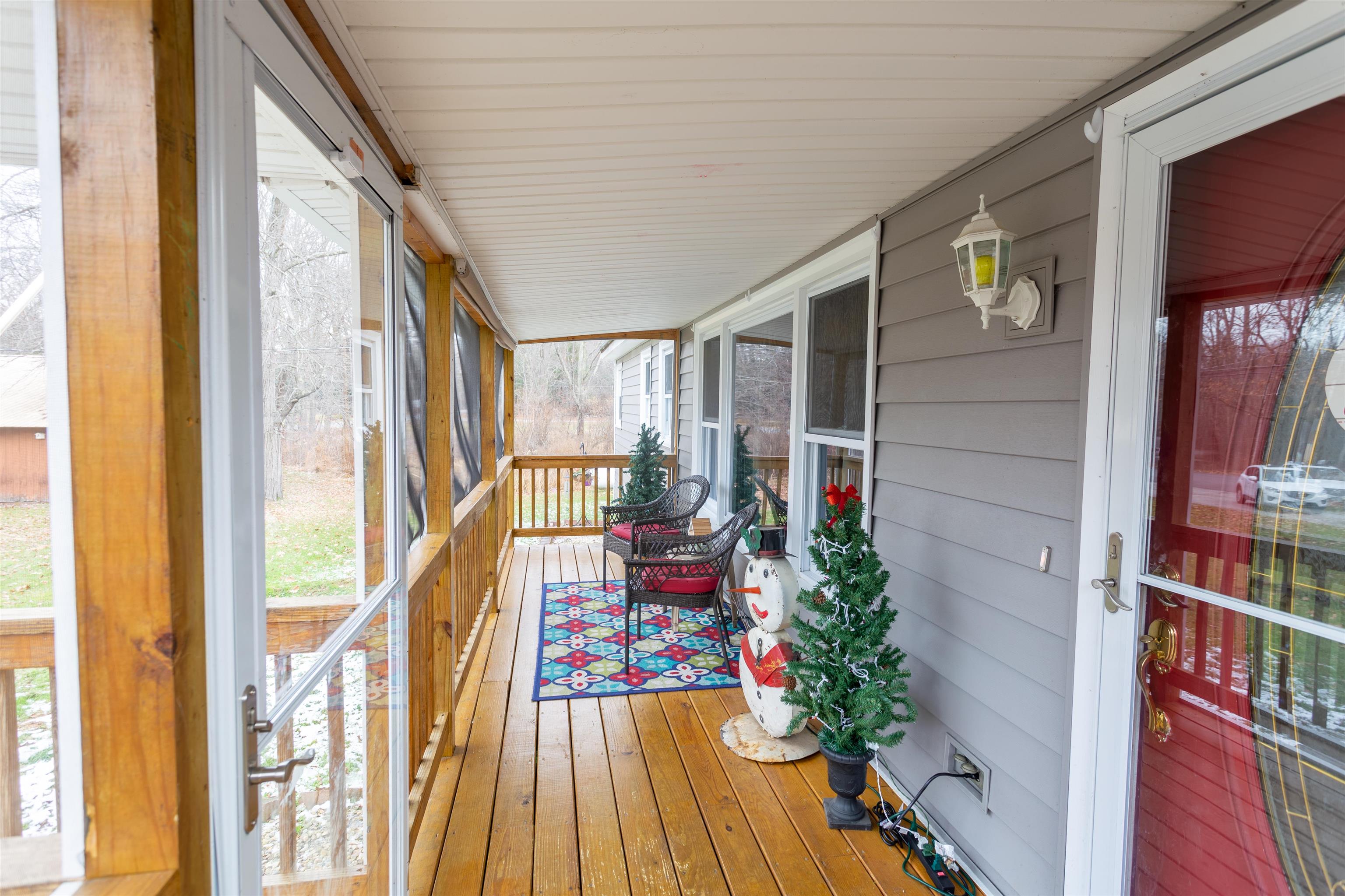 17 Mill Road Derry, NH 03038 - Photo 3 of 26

§

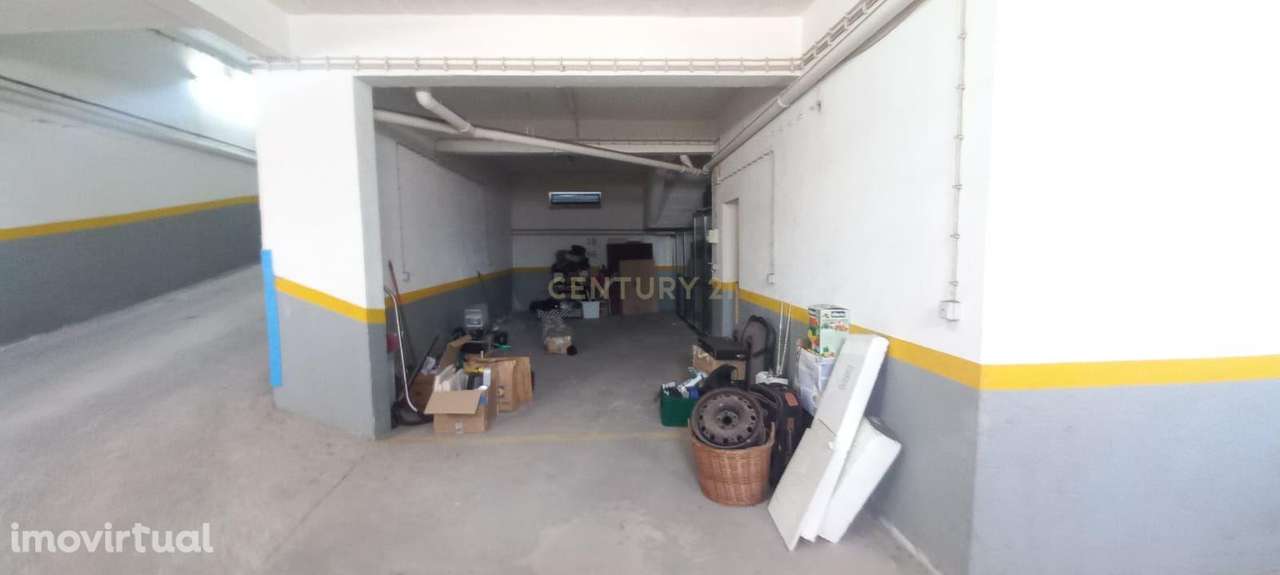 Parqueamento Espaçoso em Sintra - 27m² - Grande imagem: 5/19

§

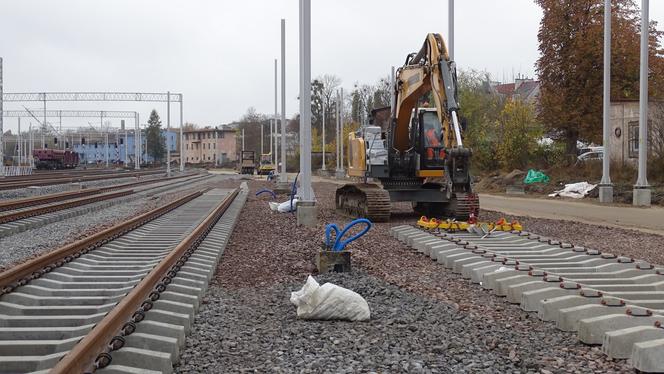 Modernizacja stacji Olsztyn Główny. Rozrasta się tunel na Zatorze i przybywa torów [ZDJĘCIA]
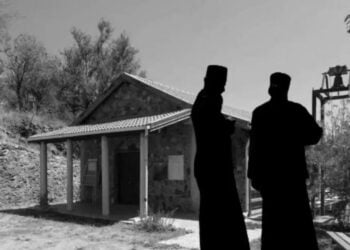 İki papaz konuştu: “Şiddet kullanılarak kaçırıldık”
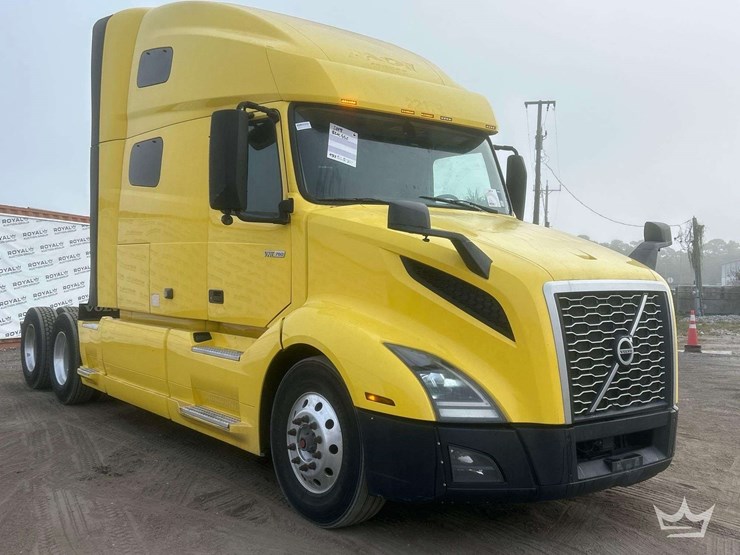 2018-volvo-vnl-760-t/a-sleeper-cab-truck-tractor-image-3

§

Your assignment -
Skip every picture, and restate word for word only the lines above from the line containing "Modernizacja stacji Olsztyn" to the line containing "2018-volvo-vnl-760-t/a-sleeper-cab-truck-tractor-image-3", both of them included.

Task output -
 Modernizacja stacji Olsztyn Główny. Rozrasta się tunel na Zatorze i przybywa torów [ZDJĘCIA]
 İki papaz konuştu: “Şiddet kullanılarak kaçırıldık”
 2018-volvo-vnl-760-t/a-sleeper-cab-truck-tractor-image-3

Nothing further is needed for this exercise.